Rosemary Golding (through 31 December 2026)
Rosemary Golding is a Senior Lecturer in Music at The Open University UK. Her research addresses aspects of the social and cultural history of music in nineteenth-century Britain, specifically music education, the music profession, and the relationships between music, health and wellbeing. Her publications include Music and Academia in Victorian Britain (Ashgate, 2013), Music and Moral Management in the Nineteenth-Century English Lunatic Asylum (Palgrave Macmillan, 2021), The Music Profession in Britain 1780-1920: New Perspectives on Status and Identity (Routledge, 2018), and the four-volume documentary history Music in Nineteenth-Century Britain (Routledge, 2023). She is currently leading an interdisciplinary network on Psychiatry and the Arts in Nineteenth-Century Britain which draws together historians from a variety of disciplines, as well as practitioners in the creative arts, health, heritage and archives.
Erin Johnson-Williams (through 31 December 2024)
Erin Johnson-Williams is Lecturer in Music Education and Social Justice in the Department of Music at the University of Southampton. Her research focuses on decolonisation, the imperial legacies of music education, trauma studies, gender and maternity, and soundscapes of colonial violence. Erin’s Leverhulme project, entitled ‘Audible Incarceration: Singing Communal Religion in Colonial Concentration Camps’, examines the role of singing, religious experience and trauma in spaces of colonial incarceration, with particular focus on the concentration camps of the South African War. Erin is currently working on several interdisciplinary publication projects, including co-editing The Oxford Handbook of Music Colonialism (forthcoming 2024); an interdisciplinary volume entitled Intersectional Encounters in the Nineteenth-Century Archive: New Essays on Power and Discourse (forthcoming 2022), and writing a monograph on sound and biopolitics in spaces of colonial incarceration.
Elizabeth Morgan (through 31 December 2024)
Elizabeth Morgan is Associate Professor of Music at Saint Joseph’s University, where she also co-directs the program in Gender Studies. Her primary research area is women’s music making in nineteenth-century Great Britain and the United States. She has published articles on the performance of accompanied sonatas in early nineteenth-century British homes, the study of piano etudes by British amateur keyboardists in the early nineteenth century, the composition and performance of battle pieces during the American Civil War, and music making during the Mexican-American War. She is currently working on an article that re-examines the lunchtime concerts at the National Gallery during World War II. Elizabeth is also a pianist who maintains a career playing chamber music and solo repertoire.
Vivian Teresa Tompkins (Student Member through 31 December 2025)
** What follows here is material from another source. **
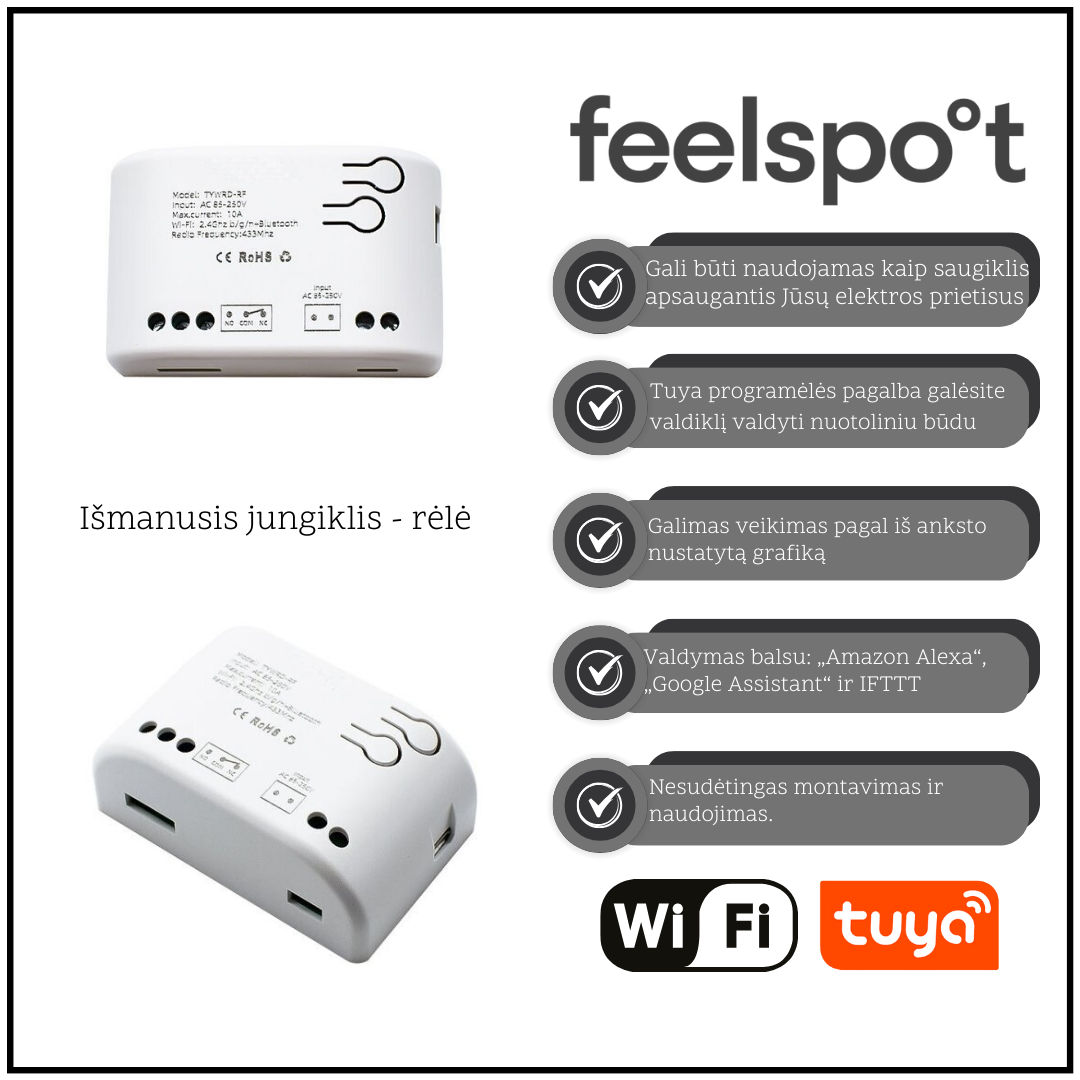 Išmanusis jungiklis - rėlė Feelspot FS-SRS02W RF, Wi-fi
Vivian Teresa Tompkins is a PhD student in Musicology at Northwestern University and a Mellon Cluster Fellow in Northwestern’s Gender and Sexuality Studies program. She holds a BA in Music from Furman University (2017), an MSt in Music (Musicology) from the University of Oxford (2018), and an MS in Library and Information Science from Syracuse University (2021). Her research focuses on women’s music-making in late seventeenth- and early eighteenth-century England, particularly their performance of devotional music in domestic contexts. She is also interested in work at the intersection of musicology, library science, and the digital humanities, and intends to pursue a career in music librarianship.
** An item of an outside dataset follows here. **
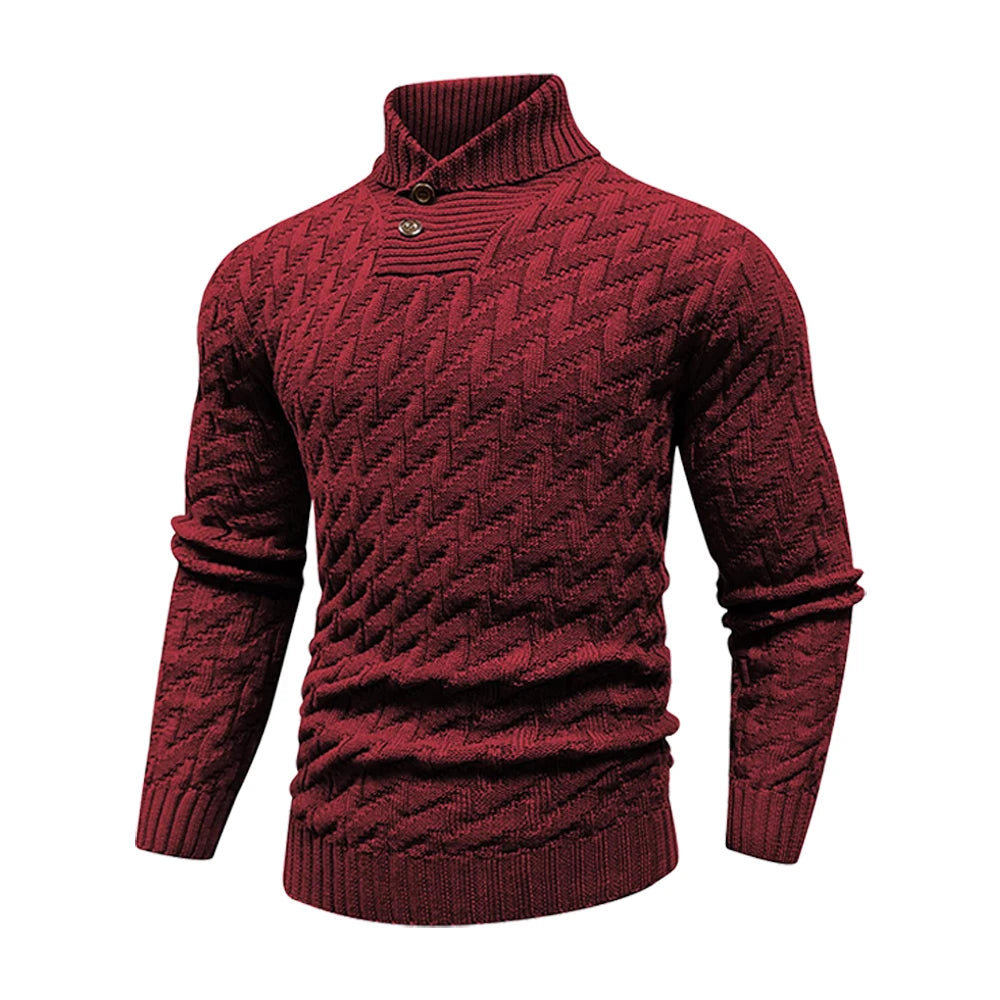 Men's Textured High Neck Contemporary Knit Sweater Relaxed Fit Pullover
Danielle Ward-Griffin (through 31 December 2025)
Danielle Ward-Griffin is an Assistant Professor of Musicology at Rice University in Houston, Texas. Her research examines the performance, mediatization, and production of twentieth- century opera, focusing in particular on Benjamin Britten and television broadcasting. Articles on these topics have appeared in the Journal of the American Musicological SocietyCambridge Opera Journal, Opera Quarterly, Journal of the Society for American Music, Theatre Journal, and Music & Letters. She has also contributed chapters to Rethinking Britten, Essays on an Inexplicit Art: Benjamin Britten Studies and Benjamin Britten in Context. For her writing, she has received the 2019 Deems Taylor/Virgil Thomson award from ASCAP, the 2020 Westrup Prize, and the 2020 Solie Award from NABMSA. She is currently writing a book on opera on television in the UK, US, and Canada (under contract with Oxford University Press).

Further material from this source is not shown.